After weeks of
denials from the agency, Customs chief information officer
Murray Harrison also admitted yesterday that system design flaws
caused chaos on the wharves.
The admission puts pressure on Customs Minister Chris
Ellison, with Labor calling for his resignation.
Customs has in the past blamed users for delays when the
system for processing declarations for imports failed.
But Mr Harrison yesterday told The Australian that
Customs brokers trying to communicate with officers on the
ground "didn't get a response" - so they switched en masse to a
web-based system, which could not cope with the influx.
"More people needed to use the Customs interactive web-based
approach than had been predicted and consequently the response
times were not up to scratch initially," he said.
"The pressure on the web-based system was only a few days.
It's the sort of thing you could only discover on experience."
Customs brokers were left stranded when the system - a
computer package that processes Customs declarations for imports
- crashed on October 12.
Only following the disaster did Customs boost the system's
capacity.
In a further development which could leave the agency
vulnerable to claims for compensation from Customs brokers, Mr
Harrison conceded the agency was warned of a major capacity
problem in a report before the system was launched.
As
revealed in The Australian yesterday, an August "mainframe
capacity review" report to Customs officials warned there was "a
major capacity problem imminent".
Mr Harrison yesterday downplayed the warning, saying the
study was a "70-page highly technical report which has a line
about capacity".
He said all recommendations in the report were carried out
before the due date but admitted Customs did not give the system
more power.
"You've got a house that's potentially full, you can choose
to add more rooms to the house or you can clean it up," Mr
Harrison said. "We thought that (approach) was sufficient."
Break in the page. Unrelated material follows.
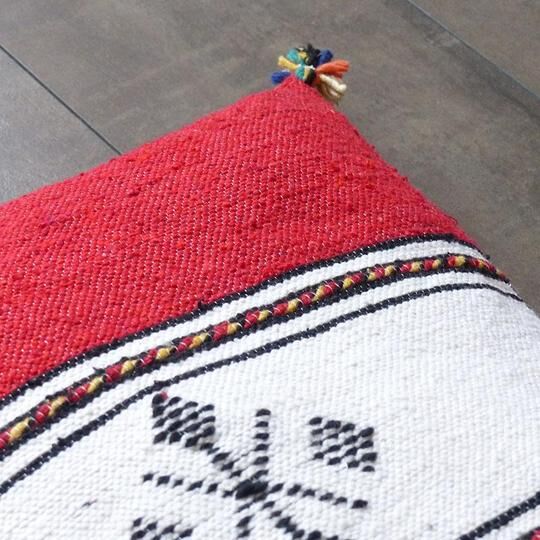 Moroccan Berber cushion Red and White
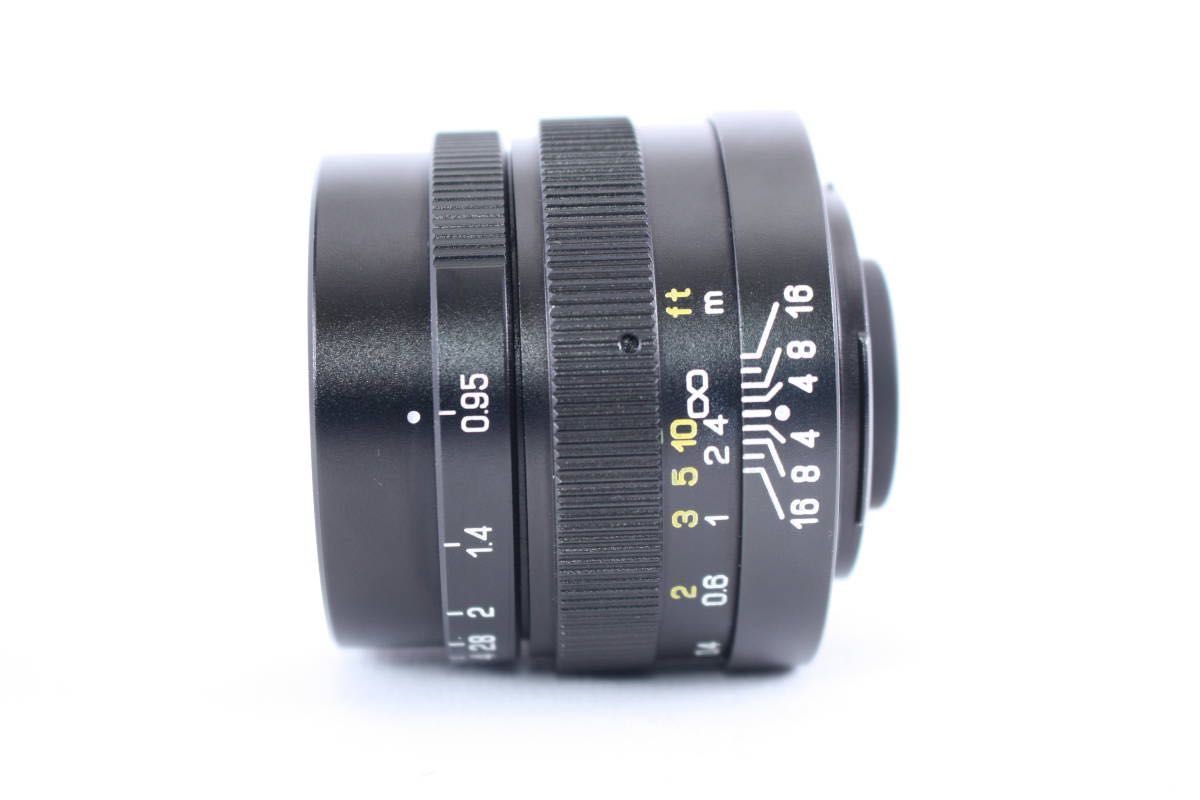 Zyonghi Optics Mitakon Speedmaster 25mm f/0.95 Obiectiv foto micro43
Some importers are still using paper to lodge their
declarations with Customs six weeks after the launch of the
system.
Mr Harrison also admitted the third party company used by the
agency was worried at a meeting before the project launch that
the software would not be ready.
Labor's Justice and Customs spokesman, Joe Ludwig, said
Senator Ellison should have known about the progress of the
project.
"This should have been delivered as a turn-key system, fully
tested and ready to go. Instead the minister delivered a
semi-operational lemon at a cost of $250 million. An inquiry
into this whole debacle should be held."
Senator Ellison yesterday said he was told the system was
ready for its October 12 launch.
"The advice I always had from Customs was that it was ready
to switch over to the new system in October," he said.